Here, despite Prek’s testimony and the Country Profile attesting to the abduction of young women in Albania and the IJ’s own finding that there was “ample evidence in the record to indicate that [kidnapping and trafficking of young girls] occurred] because of the criminal element that is operating in Albania,” the IJ did not analyze, to any extent, Silvane’s likelihood of persecution or torture upon return with respect to this claim. Specifically, the IJ did not make any findings with respect to: (1) whether abduction and forcing a girl into a trafficking ring may constitute persecution or torture; and (2) whether it is more likely than not that Silvane would be subject to this harm. The IJ merely concluded that Prek had not established that, based on Prek’s political opinion and membership in the Democratic Party, Silvane was more likely than others to be subject to this harm. Moreover, it is unclear whether the BIA, in adopting, affirming, and supplementing the IJ’s decision, addressed whether Silvane’s asserted social group constitutes a particular social group under the INA.

It is possible that Silvane has asserted a cognizable social group claim.
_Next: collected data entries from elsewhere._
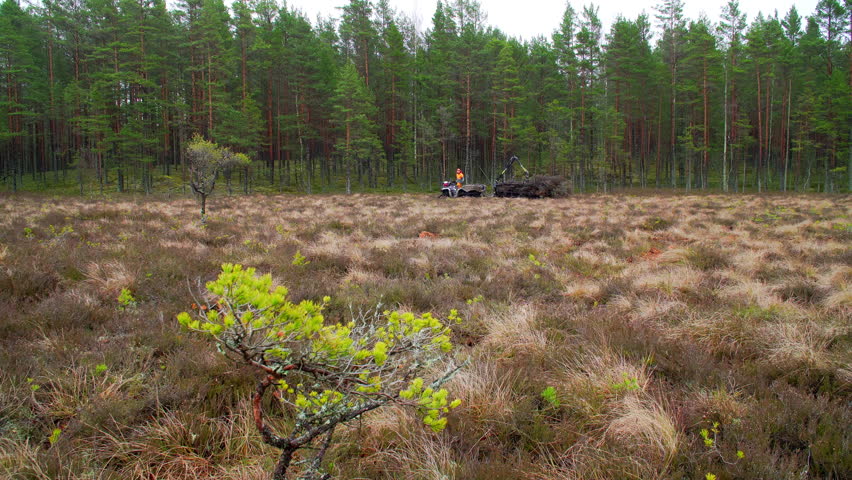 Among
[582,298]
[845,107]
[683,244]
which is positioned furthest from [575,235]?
[845,107]

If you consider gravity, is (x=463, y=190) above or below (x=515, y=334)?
above

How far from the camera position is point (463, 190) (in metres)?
26.3

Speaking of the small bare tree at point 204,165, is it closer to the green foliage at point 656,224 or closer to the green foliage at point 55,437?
the green foliage at point 55,437

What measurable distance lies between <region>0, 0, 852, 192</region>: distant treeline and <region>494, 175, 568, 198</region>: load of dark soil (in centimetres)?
987

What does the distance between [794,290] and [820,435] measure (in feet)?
12.2

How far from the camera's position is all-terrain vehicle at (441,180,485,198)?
26125 mm

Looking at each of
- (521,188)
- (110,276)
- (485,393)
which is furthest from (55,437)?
(521,188)

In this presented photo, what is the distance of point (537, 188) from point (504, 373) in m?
23.9

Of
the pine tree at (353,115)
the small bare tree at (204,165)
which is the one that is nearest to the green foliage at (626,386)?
the small bare tree at (204,165)

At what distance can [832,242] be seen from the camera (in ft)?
25.1

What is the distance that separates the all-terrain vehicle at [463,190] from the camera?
26.1m

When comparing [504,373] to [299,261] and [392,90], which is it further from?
[392,90]

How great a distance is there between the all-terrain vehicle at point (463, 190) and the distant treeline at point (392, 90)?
10.1 m

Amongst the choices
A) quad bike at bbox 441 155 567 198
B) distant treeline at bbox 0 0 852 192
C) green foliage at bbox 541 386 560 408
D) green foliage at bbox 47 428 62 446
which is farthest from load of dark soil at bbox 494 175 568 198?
green foliage at bbox 47 428 62 446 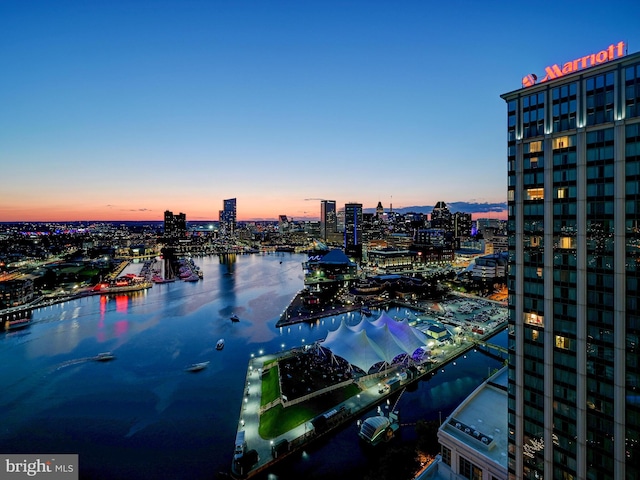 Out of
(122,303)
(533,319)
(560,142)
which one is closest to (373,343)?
(533,319)

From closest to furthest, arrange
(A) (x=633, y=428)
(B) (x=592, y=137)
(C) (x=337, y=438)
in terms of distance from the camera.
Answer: (A) (x=633, y=428)
(B) (x=592, y=137)
(C) (x=337, y=438)

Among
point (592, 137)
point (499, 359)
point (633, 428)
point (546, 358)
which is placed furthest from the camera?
point (499, 359)

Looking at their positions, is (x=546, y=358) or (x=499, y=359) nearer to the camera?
(x=546, y=358)

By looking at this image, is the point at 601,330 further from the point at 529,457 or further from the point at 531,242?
the point at 529,457

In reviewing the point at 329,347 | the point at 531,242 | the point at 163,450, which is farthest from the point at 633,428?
the point at 163,450

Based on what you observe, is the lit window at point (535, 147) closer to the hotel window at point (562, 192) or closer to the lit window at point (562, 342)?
the hotel window at point (562, 192)

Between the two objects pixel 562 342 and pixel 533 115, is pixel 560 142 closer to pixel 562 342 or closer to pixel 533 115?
pixel 533 115

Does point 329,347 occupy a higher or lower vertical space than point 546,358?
lower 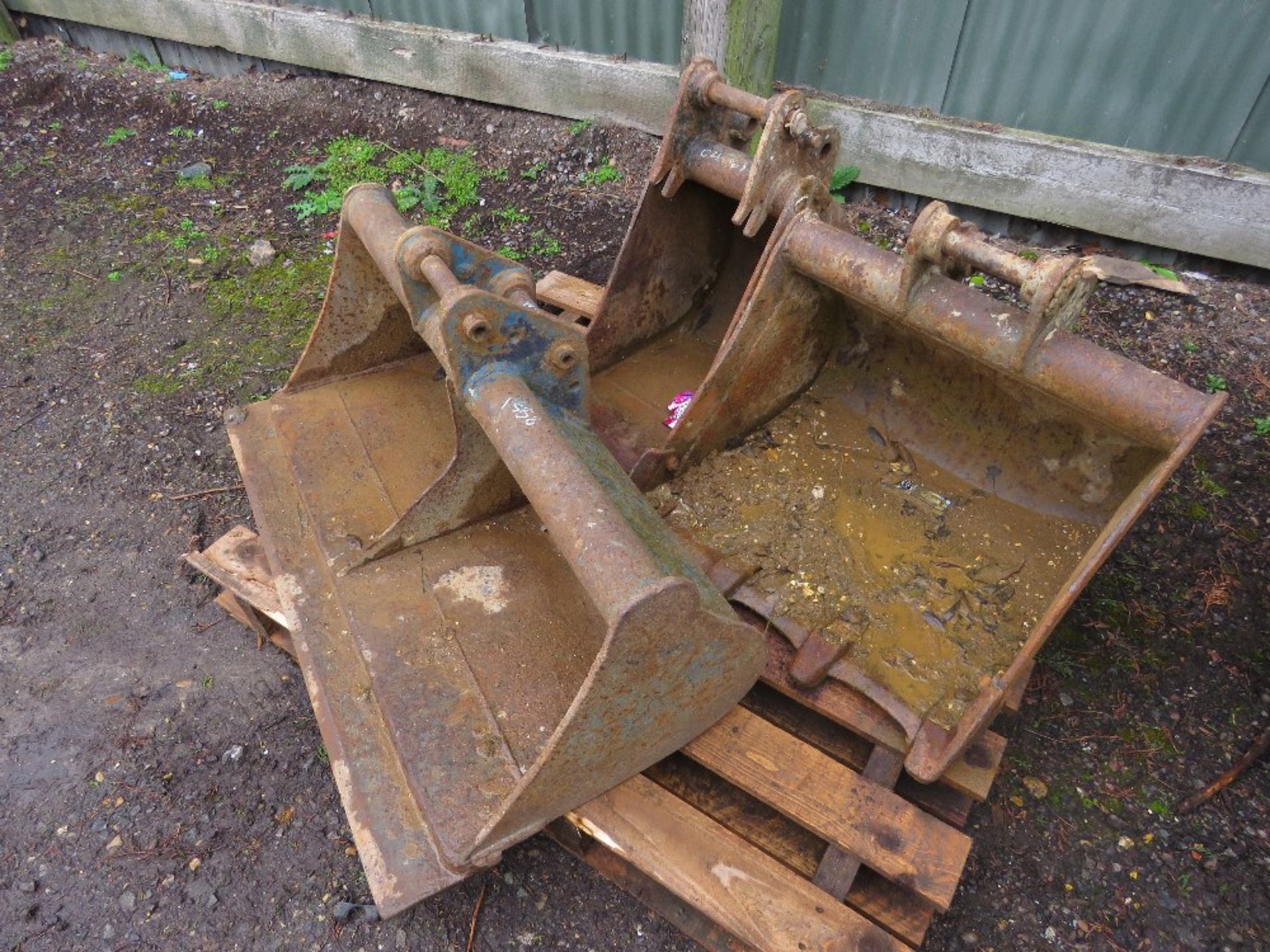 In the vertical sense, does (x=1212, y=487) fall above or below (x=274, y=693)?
above

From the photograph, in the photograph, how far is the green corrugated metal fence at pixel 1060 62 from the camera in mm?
3539

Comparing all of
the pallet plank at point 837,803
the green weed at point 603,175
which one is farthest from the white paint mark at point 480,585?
the green weed at point 603,175

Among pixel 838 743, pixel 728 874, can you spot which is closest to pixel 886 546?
pixel 838 743

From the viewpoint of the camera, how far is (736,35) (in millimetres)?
4086

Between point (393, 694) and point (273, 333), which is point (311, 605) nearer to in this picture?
point (393, 694)

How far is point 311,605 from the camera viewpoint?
7.57 ft

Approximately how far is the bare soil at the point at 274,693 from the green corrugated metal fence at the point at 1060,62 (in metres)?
0.67

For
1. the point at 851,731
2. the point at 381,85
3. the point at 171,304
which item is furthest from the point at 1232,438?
the point at 381,85

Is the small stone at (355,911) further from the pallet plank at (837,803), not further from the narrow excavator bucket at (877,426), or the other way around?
the narrow excavator bucket at (877,426)

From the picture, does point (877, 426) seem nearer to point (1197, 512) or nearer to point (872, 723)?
point (872, 723)

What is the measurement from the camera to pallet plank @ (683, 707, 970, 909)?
189 centimetres

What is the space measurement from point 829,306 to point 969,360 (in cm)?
46

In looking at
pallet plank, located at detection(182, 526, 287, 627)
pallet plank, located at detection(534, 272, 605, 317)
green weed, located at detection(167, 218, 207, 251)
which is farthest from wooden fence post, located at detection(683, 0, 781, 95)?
pallet plank, located at detection(182, 526, 287, 627)

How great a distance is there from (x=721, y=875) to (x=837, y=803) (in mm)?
323
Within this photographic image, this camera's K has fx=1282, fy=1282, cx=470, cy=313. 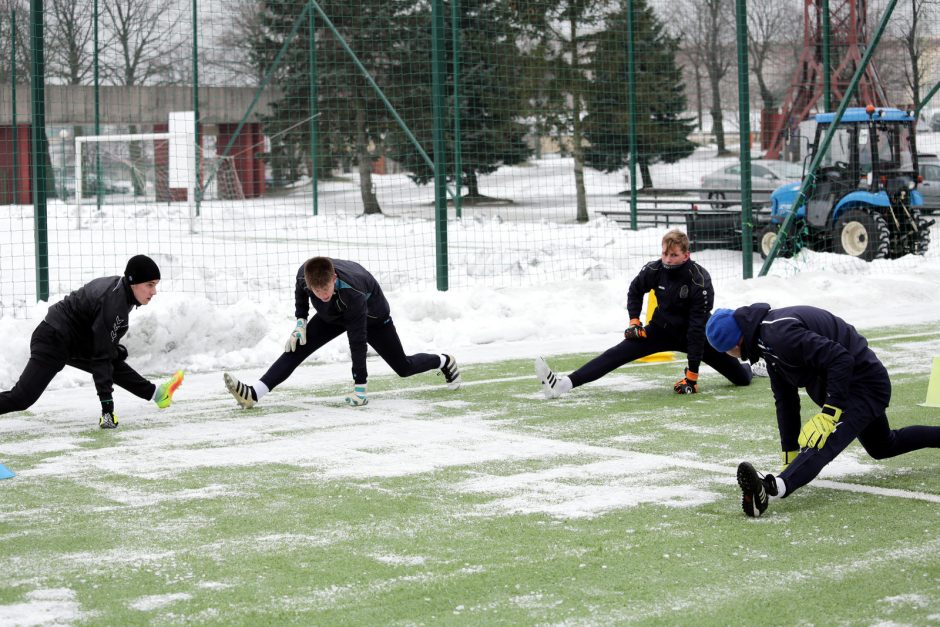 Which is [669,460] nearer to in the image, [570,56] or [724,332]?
[724,332]

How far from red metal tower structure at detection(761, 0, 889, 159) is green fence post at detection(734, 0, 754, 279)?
605 cm

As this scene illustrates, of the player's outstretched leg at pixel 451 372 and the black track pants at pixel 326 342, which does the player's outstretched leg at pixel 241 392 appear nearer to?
the black track pants at pixel 326 342

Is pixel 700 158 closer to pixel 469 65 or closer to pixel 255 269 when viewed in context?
pixel 469 65

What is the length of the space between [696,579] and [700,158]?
35.1 metres

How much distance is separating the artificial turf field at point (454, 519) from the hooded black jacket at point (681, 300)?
1.53ft

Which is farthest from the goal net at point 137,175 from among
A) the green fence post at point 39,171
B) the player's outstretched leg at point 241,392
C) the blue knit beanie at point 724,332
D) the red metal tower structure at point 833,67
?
the blue knit beanie at point 724,332

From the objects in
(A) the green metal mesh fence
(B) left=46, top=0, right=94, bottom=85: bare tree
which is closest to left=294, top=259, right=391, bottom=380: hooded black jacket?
(A) the green metal mesh fence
See, e.g., Hong Ying Gao v. Gonzales, 440 F.3d 62, 70 (2d Cir.2006) (finding that women who had been sold into marriage, whether or not that marriage has yet taken place, and who live in a part of China where forced marriages are considered valid and enforceable, qualified as a particular social group). However, we may not decide the issue in the first instance. In Gonzales v. Thomas, 547 U.S. 183, 126 S.Ct. 1613, 164 L.Ed.2d 358 (2006) (per curiam), the Supreme Court vacated the Ninth Circuit’s determination that a family of white South Africans with ties to an overt racist constituted a particular social group, holding that it was for the administrative agency to make this determination in the first instance. 126 S.Ct. at 1615; see also Ucelo-Gomez v. Gonzales, 464 F.3d 163, 168-69 (2d Cir.2006) (remanding to the BIA to determine whether affluent Guatemalans constituted a particular social group within the meaning of the INA). We therefore remand this issue to the BIA for further proceedings.

For the foregoing reasons, the petition for review is GRANTED IN PART and DENIED IN PART and the case is REMANDED to the BIA for further proceedings consistent with this order. Any pending request for oral argument is DENIED in accordance with Federal Rule of Appellate Procedure 34(a)(2) and Second Circuit Local Rule 34(d)(1).